Exactly Vol, I have heard that a windmill can spin until it falls apart and not produce the energy it took to make it.


----------



## slowzuki (Mar 8, 2011)

Older turbines generally make 20-30 times the energy it took to construct them over their operating life of about 25 years. Newer larger ones are better but don't have as much operational history to get complete results. Obviously an over ambitious person/group putting a turbine in a poor wind site (happened locally to me) will not achieve the same results.

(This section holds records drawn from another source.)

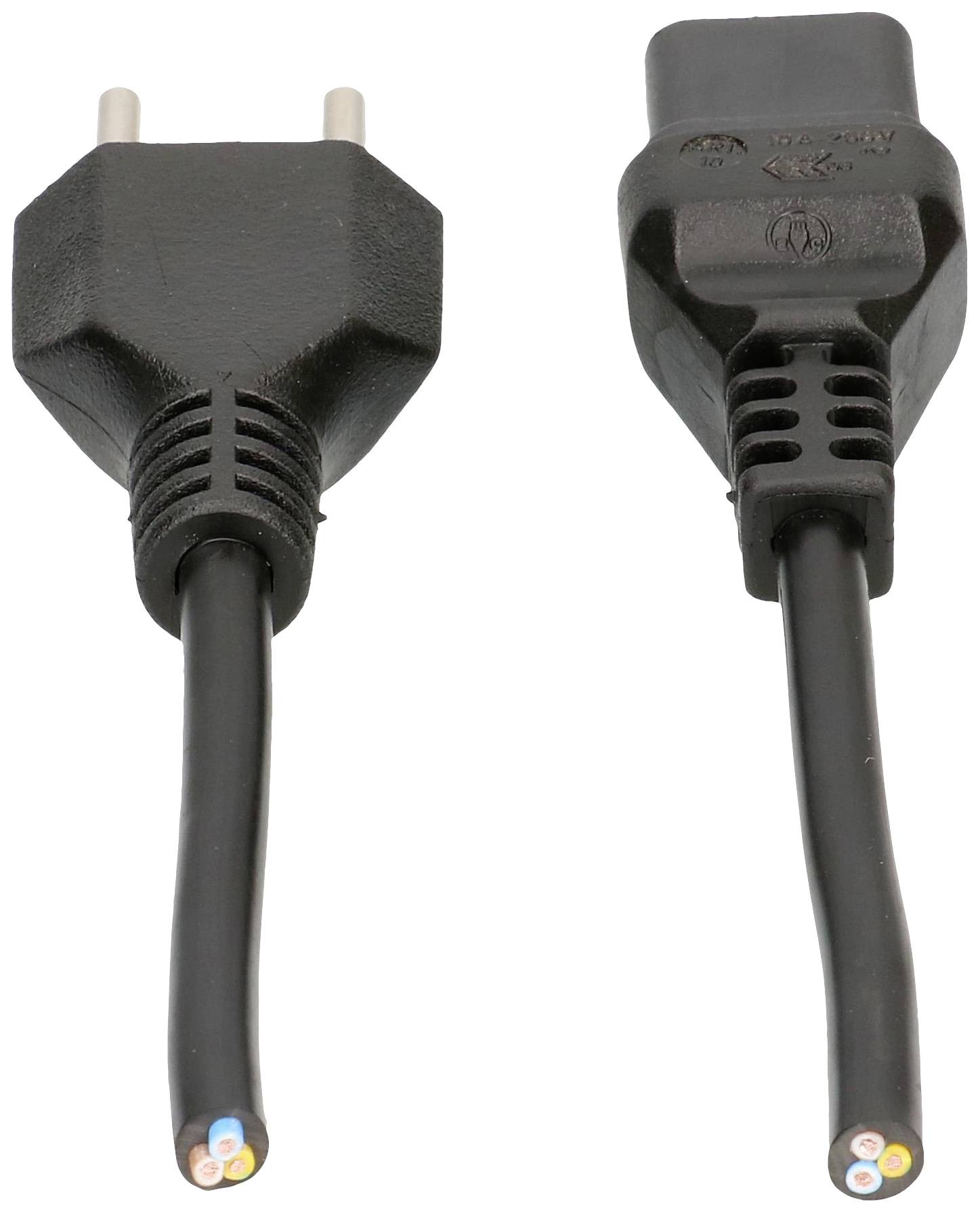 Zwei schwarze Stromstecker: links ein Schuko-Stecker, rechts ein IEC-Kaltgeräte-Stecker. Beide haben offene Kabelenden.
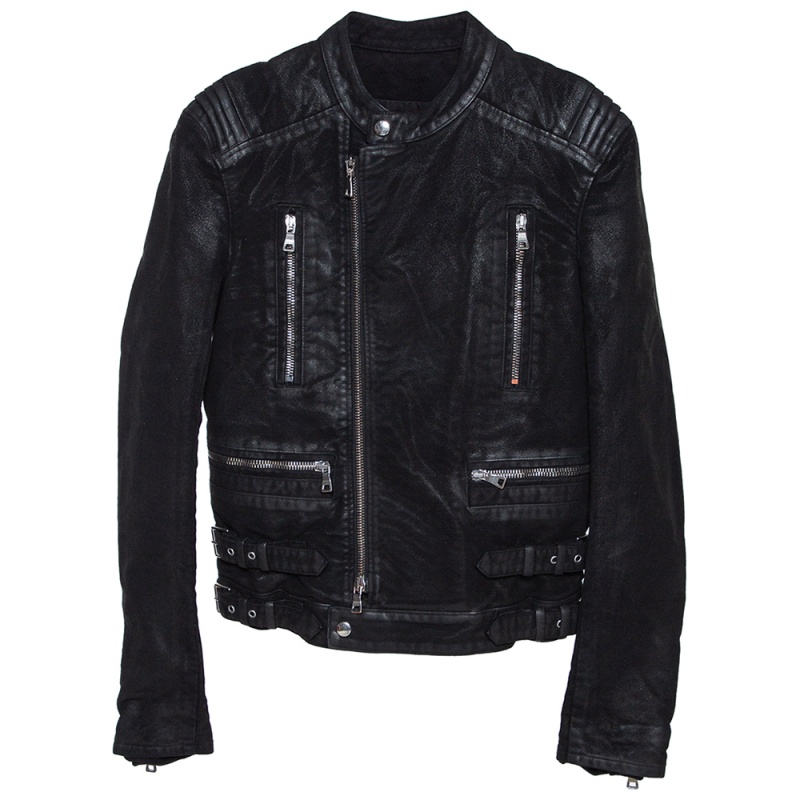 Image of Balmain Black Coated Cotton Zip Front Biker Jacket S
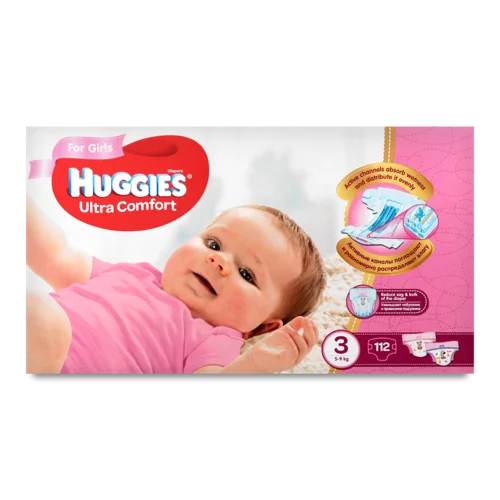 Підгузки Для Дівчаток 3 (5-9 кг) Ultra Comfort Huggies, В/ґ, 112 шт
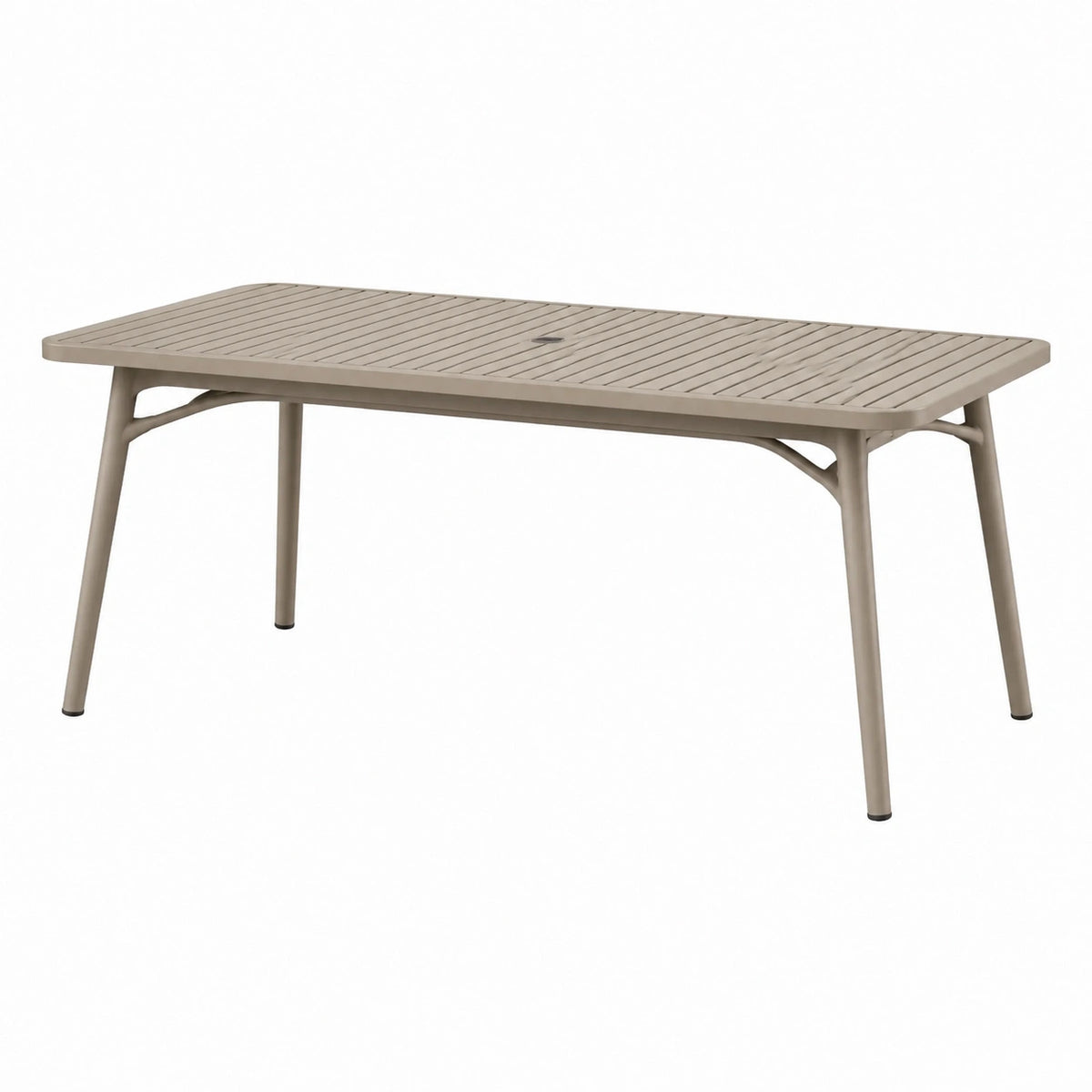 Aluminium-Gartentisch Taupe 200 × 100 × 74 cm mit Lamellenplatte und Sonnenschirmöffnung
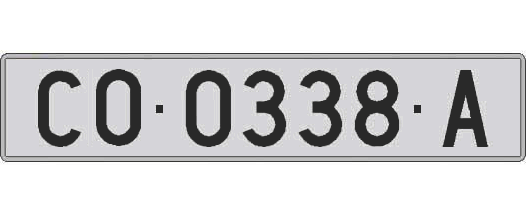 CO0338A matricula larga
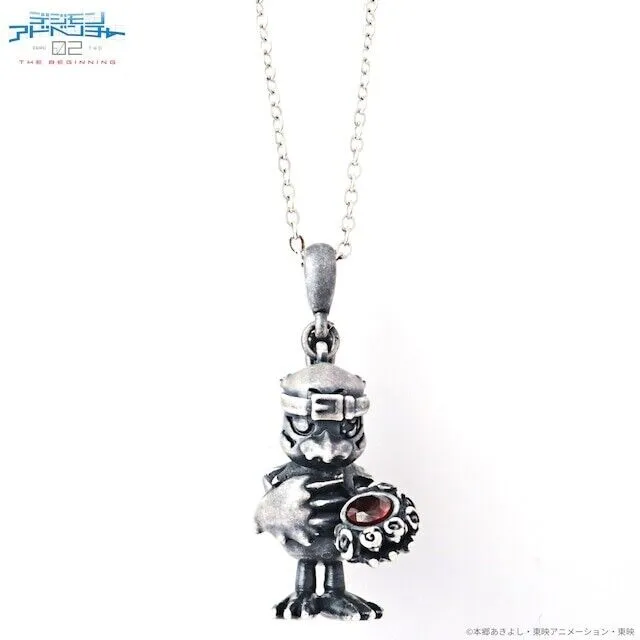 Digimon Adventure 02 The Beginning Hawkmon Necklace Pendant Silver Gemstone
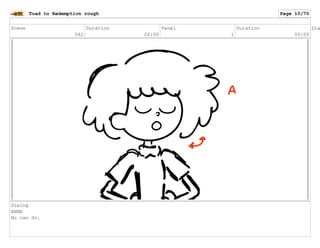 Scene
062
Duration
20:00
Panel
1
Duration
05:00
Dia
Dialog
ANNE
No can do.
Toad to Redemption rough Page 10/70
 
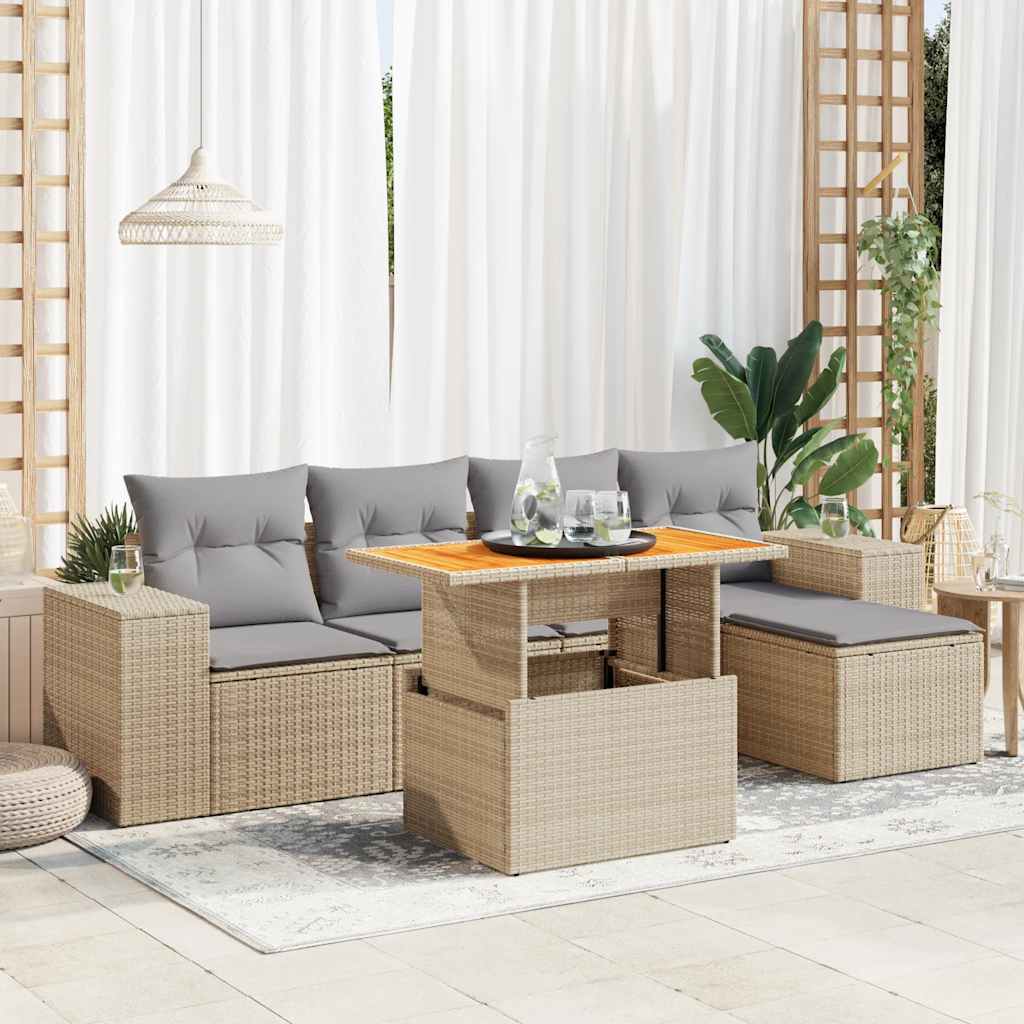 vidaXL 6-tlg. Garten-Sofagarnitur mit Kissen Beige Poly Rattan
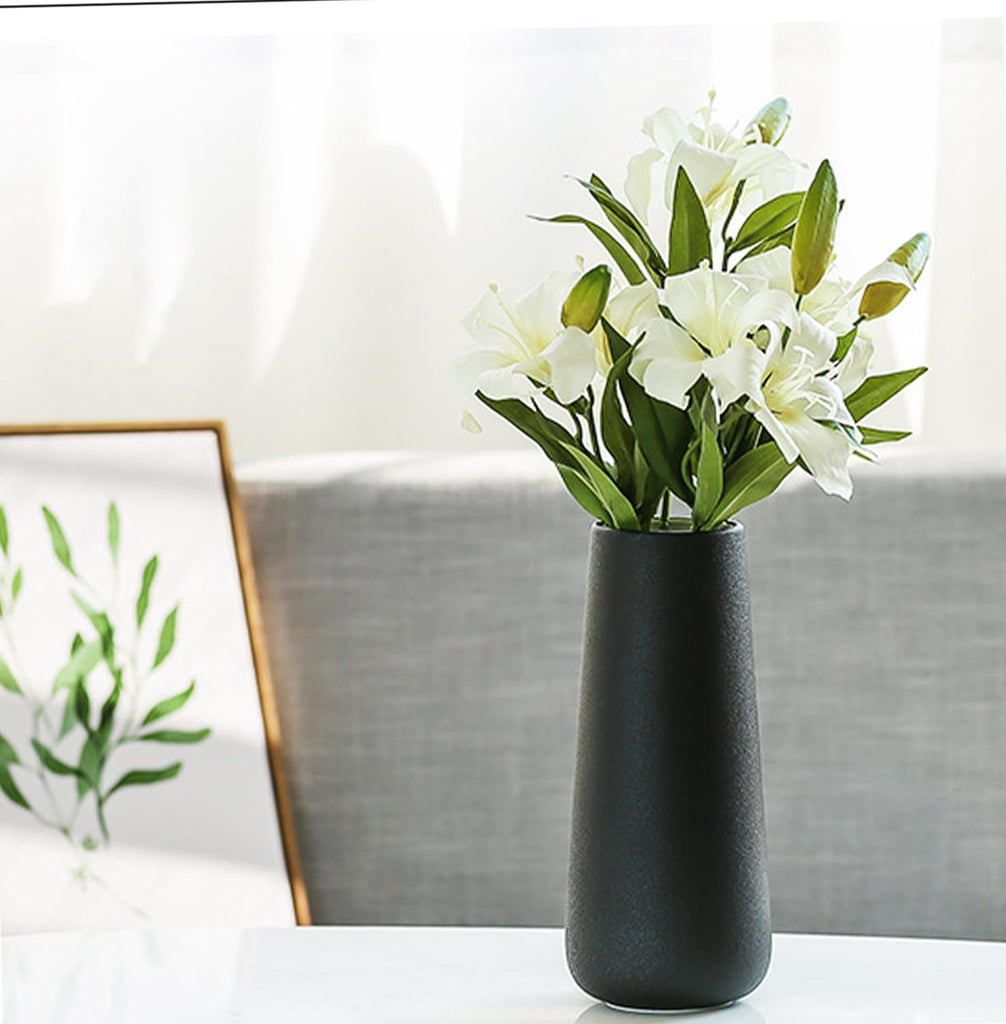 11 Inch Tall Matt Black Ceramic Vase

Honestly whenever possible I run something with an electric motor instead of internal combustion, nothing to do with environment, just much more reliable. Flick a switch and generally can almost ignore the thing for decades. Tractor like that would be ideal as long as I'm not dragging an umbilical around. Even if it made it so you charged the battery pack off a diesel generator at your farm that you could swap easily, that's a win to me. Run solar/grid when its cheaper, run big genset when needed. Provides emergency power for the farm too. Drive motor and PTO motor both with infinite variable speed. Perfect.


----------



## mlappin (Jun 25, 2009)

slowzuki said:


> Older turbines generally make 20-30 times the energy it took to construct them over their operating life of about 25 years. Newer larger ones are better but don't have as much operational history to get complete results. Obviously an over ambitious person/group putting a turbine in a poor wind site (happened locally to me) will not achieve the same results.
> 
> Honestly whenever possible I run something with an electric motor instead of internal combustion, nothing to do with environment, just much more reliable. Flick a switch and generally can almost ignore the thing for decades. Tractor like that would be ideal as long as I'm not dragging an umbilical around. Even if it made it so you charged the battery pack off a diesel generator at your farm that you could swap easily, that's a win to me. Run solar/grid when its cheaper, run big genset when needed. Provides emergency power for the farm too. Drive motor and PTO motor both with infinite variable speed. Perfect.


Far as electric motor reliability, we have some three phase motors that are so old nothing is legible on the tags anymore.

I bought a 3" mud pump several years ago, came with a Honda motor on it, Honda or not I yanked the gas motor and replaced with an electric. Electric motor always starts at zero, can't say the same for even a Honda. Use it to pump feed grade jam and glycerin into the vertical TMR.


----------



## Stxpecans123 (May 18, 2020)

I agree that electric motors are generally very reliable, let it sit drag it out 20 years later and works the same.
But batteries on the other hand nope.


----------



## Trillium Farm (Dec 18, 2014)

I think that electric machinery will come, but not if it's plug-in, it will have to be a fuel cell like hydrogen or something else.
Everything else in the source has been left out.